--- Work task ---
Dropping every picture, set down exactly the lines in the entries below, starting with the line with "SPONGEBOB 1 Samsung Galaxy S25 Case Cover" and going on through the line with "ヨネックス（YONEX）テニスウェア ユニドライTシャツ 16734-002".
Data to use below:
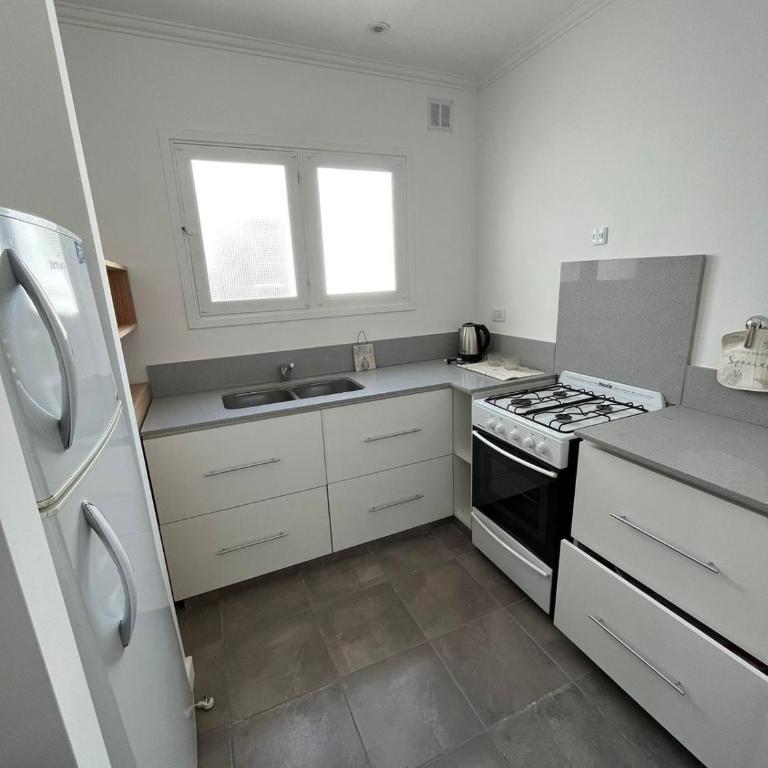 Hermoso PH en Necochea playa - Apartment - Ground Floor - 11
End of Data to use.
Data to use below:
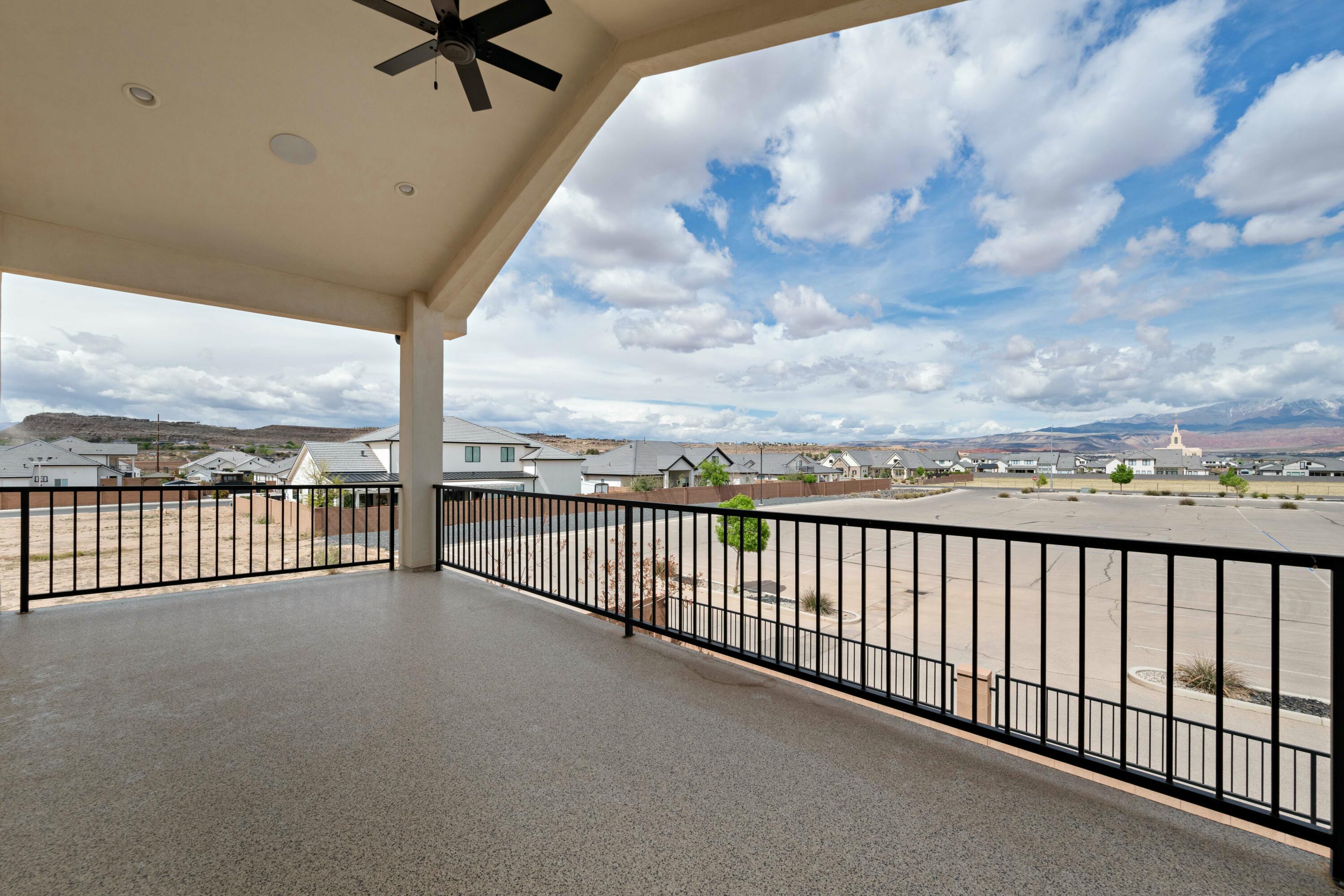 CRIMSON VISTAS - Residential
End of Data to use.
Data to use below:
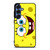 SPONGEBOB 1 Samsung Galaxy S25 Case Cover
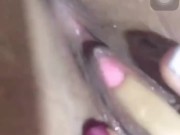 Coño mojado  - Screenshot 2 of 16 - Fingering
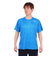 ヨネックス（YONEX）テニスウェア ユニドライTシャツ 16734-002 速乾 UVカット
End of Data to use.
--- Exercise solution ---
 SPONGEBOB 1 Samsung Galaxy S25 Case Cover
 Coño mojado  - Screenshot 2 of 16 - Fingering
 ヨネックス（YONEX）テニスウェア ユニドライTシャツ 16734-002 速乾 UVカット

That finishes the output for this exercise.